One thing about the Outer Banks, at least the more northern part, is that it was way more developed with more people than I thought going in. I was worried when I was driving there that I'd need to stop off and get any supplies I needed before getting to the Outer Banks and was surprised when I saw so many malls and restaurants, and tons of souvenir shops. As I had said before I visited a Publix grocery store and now wish we had one on Cape Cod, it's like Market Basket and Whole Foods had a baby.
Seeing that NC-12, the road which travels down the Cape Hatteras Seashore, was closed for most of the day due to sand and water from the recent storms this meant I had to wait and take my time enjoying the sites on the Outer Banks. Gee, what a shame. Right after breakfast I crossed the street to the Wright Brothers Memorial. At the top of the 100-foot tall Big Kill Devil Hill is a monument to the brothers and their first flight. I met a man named Steve from Ohio up there and we took photos for each other, nice guy. There was also a memorial to the moment of the first flight, along with the markers denoting the flight attempt and stats about it located on the field below the hill.
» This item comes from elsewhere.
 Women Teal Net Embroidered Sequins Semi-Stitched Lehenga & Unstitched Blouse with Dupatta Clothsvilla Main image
|The monument on Big Kill Devil Hill and the marker where the first flight ended.|
Next was a little side track to Roanoke Island. It was here that the first attempt at an English colony in America happened in 1587. The first English child born in America was Virginia Dare born to this group, the highway that runs much of the Outer Banks is named for her, as is Dare County itself. The colony vanished and it is still one of America's greatest unsolved mysteries. Archaeologists found and reconstructed an earthen fort but have yet to find the remains of the actual fort where the 115 settlers would have lived. Every summer they do a play at the outdoor waterfront theater about this colony.
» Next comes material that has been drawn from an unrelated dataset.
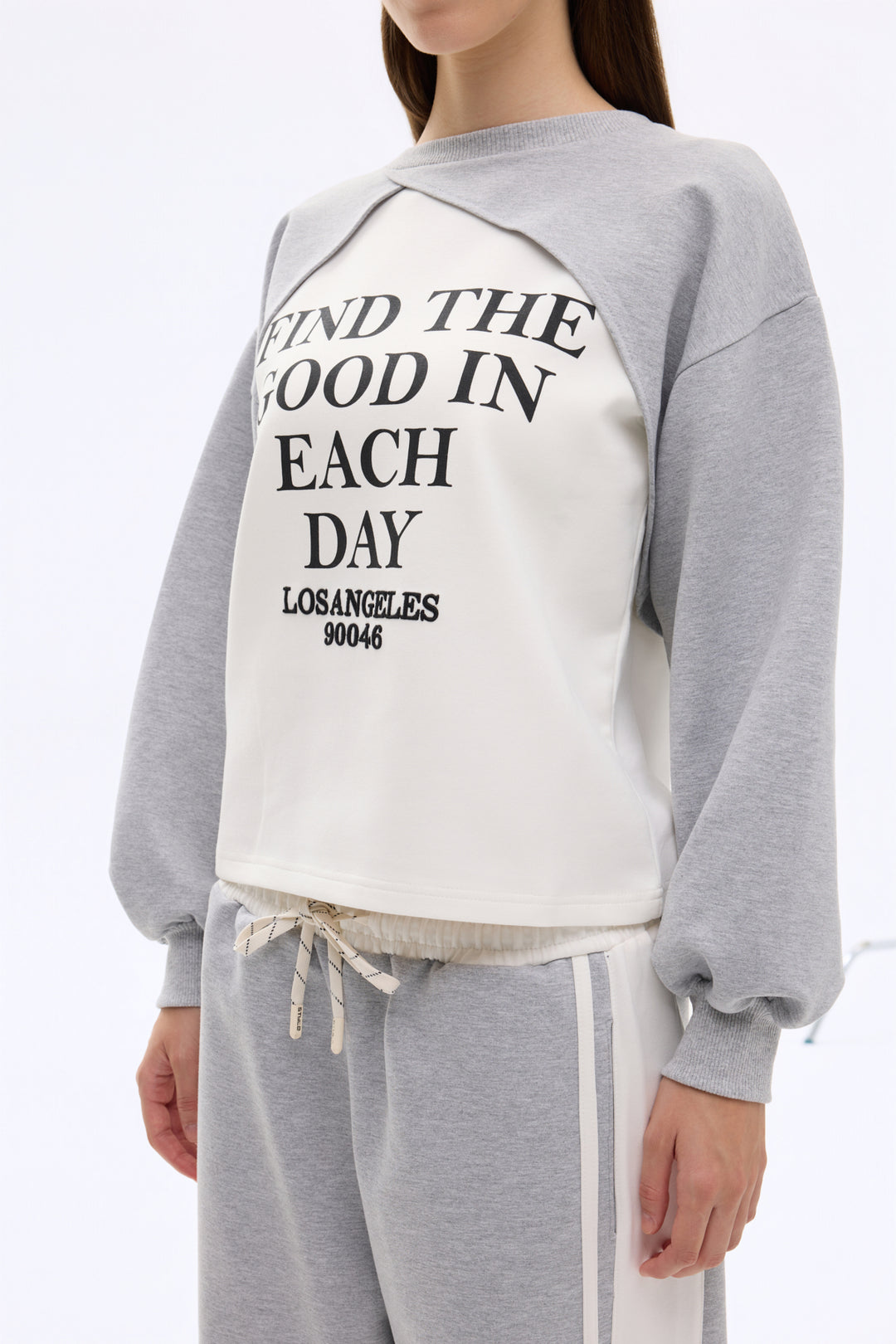 Match Detaylı Yazı Baskılı Bisiklet Yaka Sweatshirt Gri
It was about 1pm by this point and I decided to go over the the entrance to Cape Hatteras National Seashore and check if maybe they had opened the road early. By luck they had, although with a warning that they were still working on it so beware sand and water. I knew it was quite a hike from the entrance south to Cape Hatteras Light, but once you're on the road it seems to go on forever. It is nearly 50 miles on a beach road, with only pockets of civilization, before reaching the lighthouse.
I missed the entrance to Bodie Island Light on the way out, that one is only 6 miles or so from the entrance, but that would be to my benefit later. They weren't kidding about the road conditions either. Only a few miles out were front-end loaders removing buckets of sand, so the long trip was made longer when I had to slow down or stop. One fun little side note is the Bonner Bridge which crosses the Oregon Inlet about 10 miles south of the entrance, both times I drove it there was a flock of pelicans hovering just above my car. I didn't hit any but the bridge at the top was littered with dead pelicans.
It took about an hour to reach Cape Hatteras Lighthouse. At 210-feet tall I could see it from a mile away. The black and white candy cane striped structure is one of the most well known lighthouses in the world. This was the southern most point of my journey. It was the top site for me on my road trip, I'd wanted to visit it for years and it's matched only by West Quoddy Head Light as my favorite I've seen. I tried to soak it all in, shoot as many photos and videos as I could but also be in the moment there. I had one more spot to see before beginning the long trek north, this time I plugged Bodie Island Light into my GPS.
|Cape Hatteras Lighthouse, reaching higher than the sun.|
|Sunset at Bodie Island Lighthouse|
The sunset was amazing but once it was done I knew I had to get to driving. From Cape Hatteras it was just under 14 hours back to Cape Cod. I figured the more I drove Wednesday night the less I'd have to do Thursday. Along the way I got to drive through the Chesapeake Bay Bridge-Tunnel. It is 17-miles of bridges and tunnels and also cost $14 in tolls to cross. By the time I made it across I was ready to stop of the night. The Eastern Shore of Virginia is more along the lines of what I thought the Outer Banks would be, desolate and sparsely populated. I managed to find an ok hotel in the town of Onley, not as good as my Outer Banks hotel but whatever.
So Thursday begins the long trek home, it is over 9 hours, with a few stops along the way still to see. When I pull back into my driveway I expect to have put about 2,200 miles on my car. Nearly 400 were put on it Wednesday but the experiences are worth the highway hypnosis.